THE POLITICAL MANAGEMENT of the present phenomenal macro-level economic prosperity in the United States is being projected by the Democratic presidential nominee - the Vice-President, Mr. Al Gore - as the real issue in the ongoing race for the White House. By appearing to let this impression gain currency during the first televised debate of the campaign process, the Republican Party's candidate, Mr. George Bush, has also allowed the current contest to be viewed as the quest for some form of a mystique of presidential leadership that could sustain and enhance the overall American economic boom. Despite his suspected unfamiliarity with foreign affairs, Mr. Bush is generally reckoned to have fared reasonably well in the second debate on October 11 by sparring with Mr. Gore on how the U.S. must exercise power on the world stage. Overall, therefore, the competition has now acquired a sharp edge in a reversal of a lacklustre phase in the electoral season. Mr. Bush, as the Grand Old Party's mantle-bearer of ``compassionate conservatism'', erased some of the criticism about his alleged penchant for malapropism by a confident showing during the latest televised interrogation. Mr. Bush had indeed caught up with the Vice- President by the time of the first face-to-face electronic encounter with him after having of course lost an early and persistent lead over Mr. Gore. However, the score-card from now on until the day of judgment by the American voters will bear little reference to the earlier conclusions by the pollsters.

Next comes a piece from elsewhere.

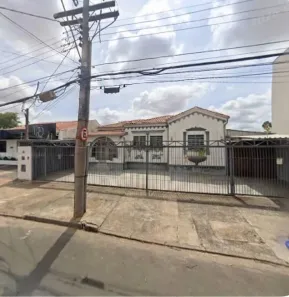 Imóvel Comercial com 5 Quartos para alugar, 369m² no Taquaral, Campinas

Predictably, the ebb and flow of the overall campaign trends pertain to the intimate issues of present-day concern to the U.S. citizens - competitive tax cuts in an era of general prosperity, health care as a generic proposition, the cost of prescription drugs, the well-being of the elderly, the future lifestyles of the one-time baby-boom generations and so on. Not surprisingly, Mr. Bush may have had little choice but to let Mr. Gore take the first lead in setting the paradigm parameters of this poll, namely the issue of supervising the economic surpluses from the Federal Government's vantage position in a huge and diverse society that will continue to be driven by the motive force of private enterprise. It is in the definitive political space available to a future President in this sphere that Mr. Bush is now seeking to draw out Mr. Gore for an old-style battle of wits over state-interventionism and big government in regard to the lives of the citizens. It is a bait that the Vice-President has largely brushed aside, despite being categorical about his preference for a ``social security plus'' regime on a welfare issue with a specific meaning and about the continuing relevance of activist governance in the emerging post-modern era.

Although Mr. Bush and Mr. Gore have been quizzed on domestic and foreign policy issues, the spotlight still lingers on the more basic attributes of their political styles. Mr. Gore had suffered in the beginning on account of some popular perceptions or innuendoes that the best he could offer was only as an appendage to Mr. Bill Clinton as the President. If Mr. Gore successfully rode out that phase, thanks in part to his own message to the Democratic nominating convention, Mr. Bush thereafter regained some lost ground as the Vice-President came in for criticism for seemingly embellishing the appealing aspects of his trumpeted empathy for the ordinary Americans. Mr. Gore's alleged association with some murky campaign finance deals of the past has also forced him on the defensive to the point of insisting that the present contest is about policies and not political attacks on the personalities. Yet, a poser for the Republicans despite Mr. Bush's latest appeals to the `discerning Democrats' is whether Mr. Gore can win what may in reality be a statute- barred third successive term for a Clinton presidency.